A run of games like this, no matter how early proceedings still are, can decide the destination of league titles, because they are all about the phycological damage they can inflict on others, added to the strengthening of our own senses of self-confidence and belief.

There are a growing number of experts who are recognising a steeliness to Liverpool that tends to be the hallmark of champions.

There is a compellingly assured character to this Liverpool, but one which will be put to the test over the course of these next two weeks.

We will face Chelsea twice within 70 hours. One game at Anfield and one at Stamford Bridge.

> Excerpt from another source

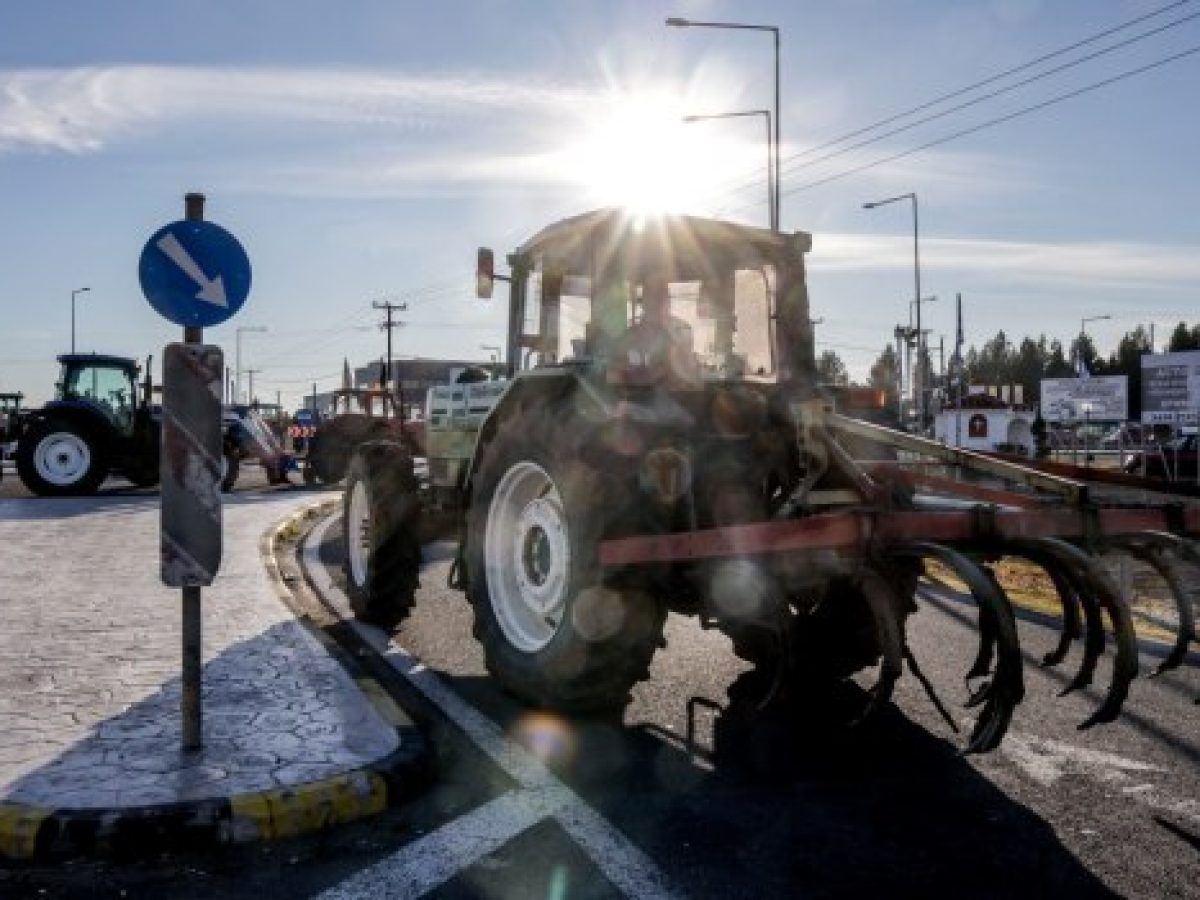 Προς κλιμάκωση οι αγρότες – Σκληρό μπρα ντε φερ με την κυβέρνηση που μοιράζει «τυράκια» και εξαπολύει απειλές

In theory, one of those two games is far more important than the other, yet in the practical terms of landing psychological blows, they are both as important as one another.

Come away from them with two positive results and we are given the perfect springboard with which to dive headlong towards Napoli and City.

Two positive results for Liverpool would also give Chelsea a timely blow to absorb. They have a new regime that needs to be made to feel vulnerable.

Chelsea have had their own impressive set of results so far and we can’t afford to feed that momentum, to feed their senses of self-confidence and belief.

On Saturday, Jurgen Klopp rearranged the chairs to a degree.

LIVERPOOL, ENGLAND - Saturday, September 22, 2018: Liverpool's manager Jürgen Klopp issues instructions to captain Jordan Henderson during the FA Premier League match between Liverpool FC and Southampton FC at Anfield. (Pic by Jon Super/Propaganda)

As I mentioned post-PSG, I was looking for a sign within the lineup against Southampton that might suggest a greater focus on the league or not.

Prior to this one, Klopp had only fielded 12 different players in the starting lineup for the five Premier League games we’d so far played.

The temptation to revert exclusively to a starting XI against Southampton which was permed from those 12 players was resisted, however, as in came Joel Matip and Xherdan Shaqiri.

Any sense of the side being unsettled by this was eased when Shaqiri played a pivotal part in the first and third goals, while Matip scored the second, blowing away the early rustiness he showed.

This helped ease the sight of Virgil van Dijk exiting the pitch in discomfort, as did the composure shown by Joe Gomez in replacing him.

Then, as the team reappeared for the second half, Shaqiri was unexpectedly gone—in tactical circumstances, it would appear.


Row 47 of the Kop

LIVERPOOL, ENGLAND - Saturday, September 22, 2018: Liverpool's Xherdan Shaqiri celebrates creating the first goal, an own goal by Wesley Hoedt, during the FA Premier League match between Liverpool FC and Southampton FC at Anfield. (Pic by Jon Super/Propaganda)

It was great to see that we finally have somebody that can seriously worry opposing goalkeepers from outrageous distances at free-kicks.

Trent Alexander-Arnold is great within the 20 to 25-yard distance, but since the departure of Philippe Coutinho we’ve not really had anyone willing, or capable, of having a pop from row 47 of the Kop, when attacking the Annie Road end.

Shaqiri needs 90 minutes on Wednesday. He won’t play every game, but we appear to have our new Luis Garcia, who of course didn’t play every game either.

He needs a song though.

What is the national drink of Kosovo, by the way?